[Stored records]
● ● ● ●

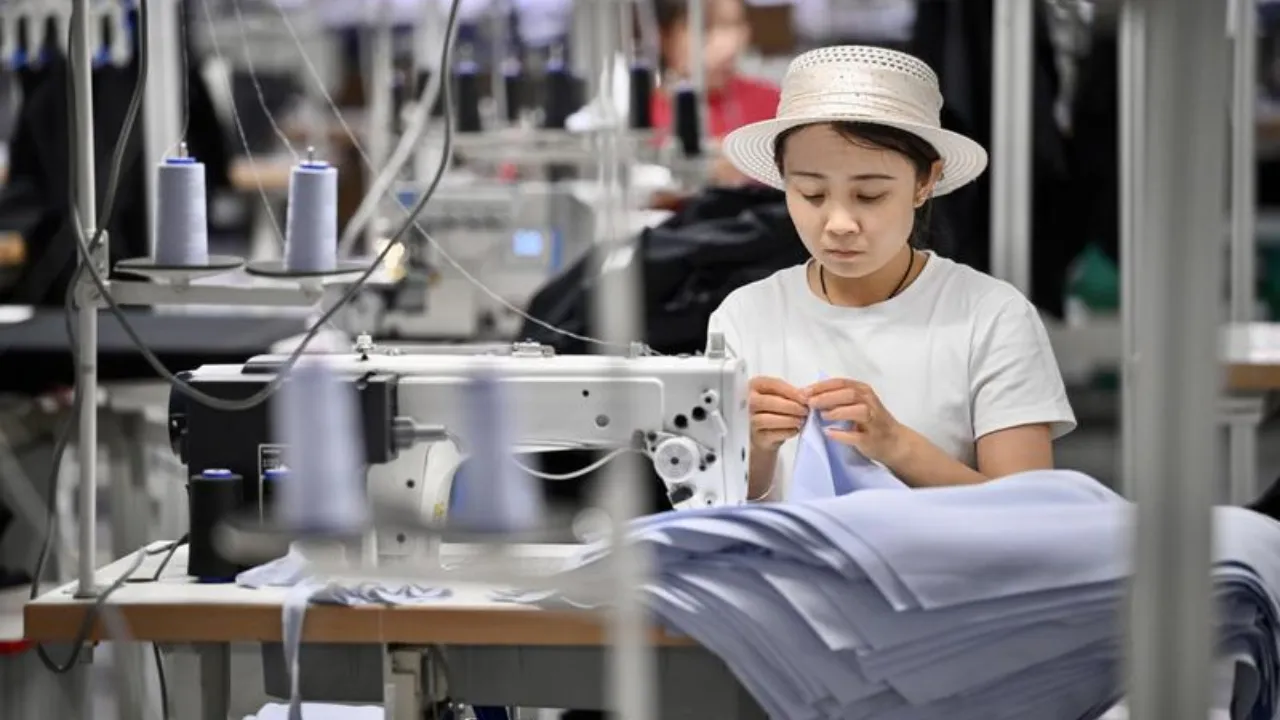 Un’operaia al lavoro in uno stabilimento ERKE. Minning, 11 settembre 2026. Foto Xinhua/Yang Zhisen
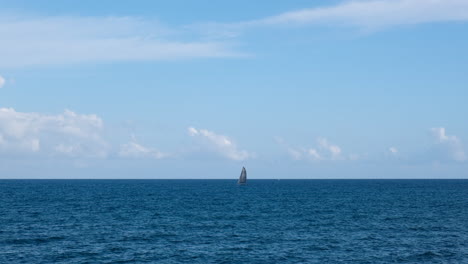 sail boat at the horizon in the sea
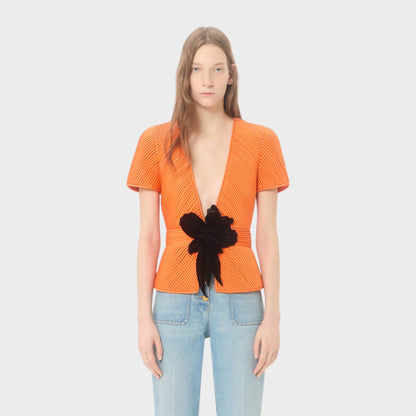 Tasoni orange pleated short sleeve jacket with V-neck and black floral detail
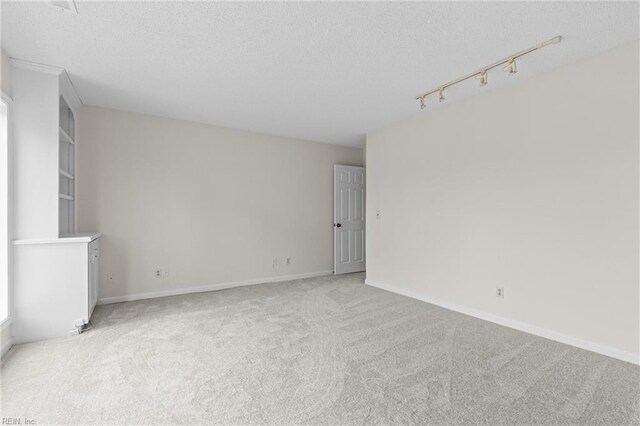 unfurnished room featuring track lighting, light carpet, a textured ceiling, and baseboards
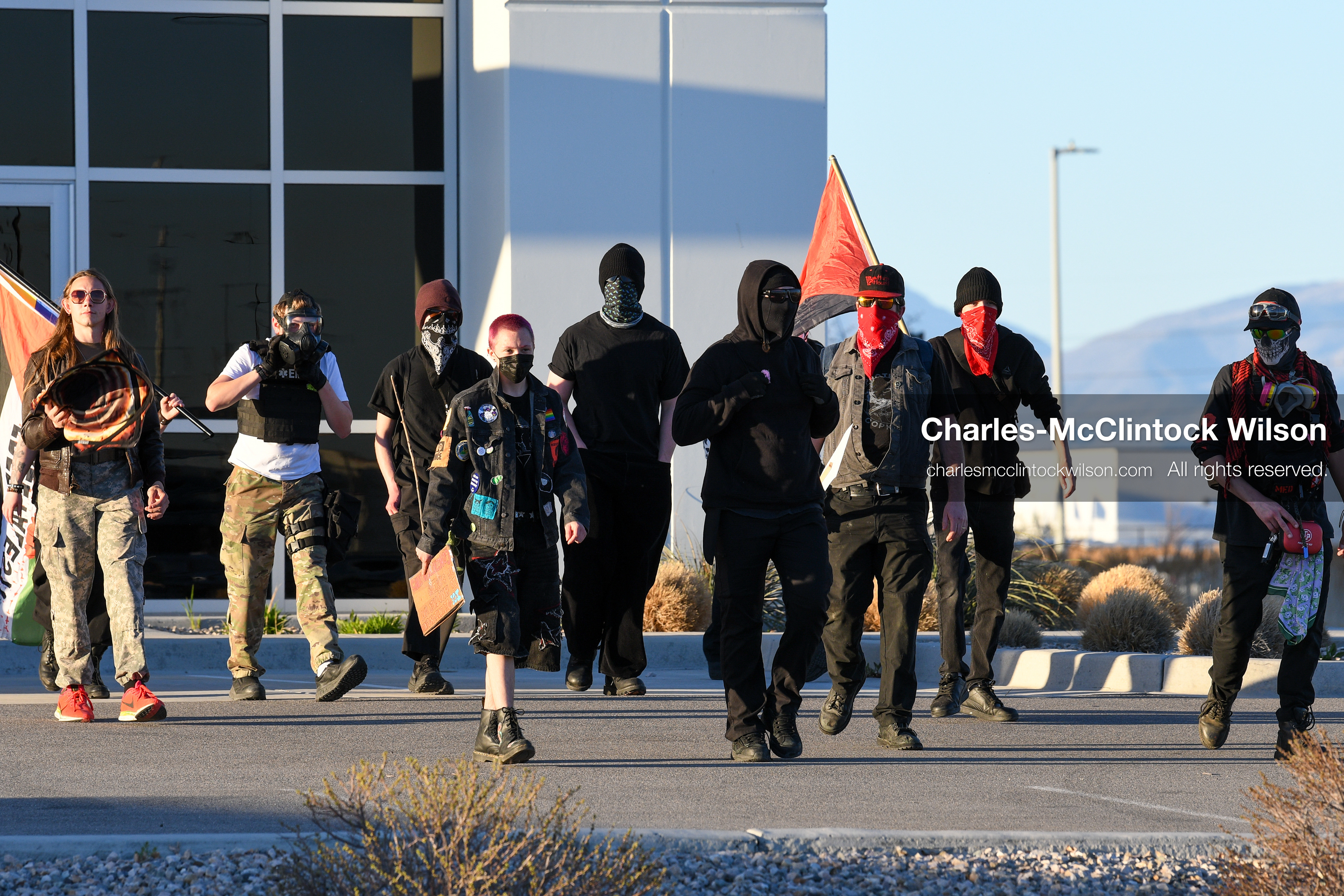 March 18, 2026, Salt Lake City, Utah, USA: Protesters walk near the site of a proposed ICE detention facility on the west side of Salt Lake City. Demonstrators carrying flags and signs moved through the area during the gathering at the warehouse property. (Credit Image: © Charles McClintock Wilson/ZUMA Press Wire)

● ● ● ●

Output the data verbatim, images excluded.

 Un’operaia al lavoro in uno stabilimento ERKE. Minning, 11 settembre 2026. Foto Xinhua/Yang Zhisen
 sail boat at the horizon in the sea
 Tasoni orange pleated short sleeve jacket with V-neck and black floral detail
 unfurnished room featuring track lighting, light carpet, a textured ceiling, and baseboards
 March 18, 2026, Salt Lake City, Utah, USA: Protesters walk near the site of a proposed ICE detention facility on the west side of Salt Lake City. Demonstrators carrying flags and signs moved through the area during the gathering at the warehouse property. (Credit Image: © Charles McClintock Wilson/ZUMA Press Wire)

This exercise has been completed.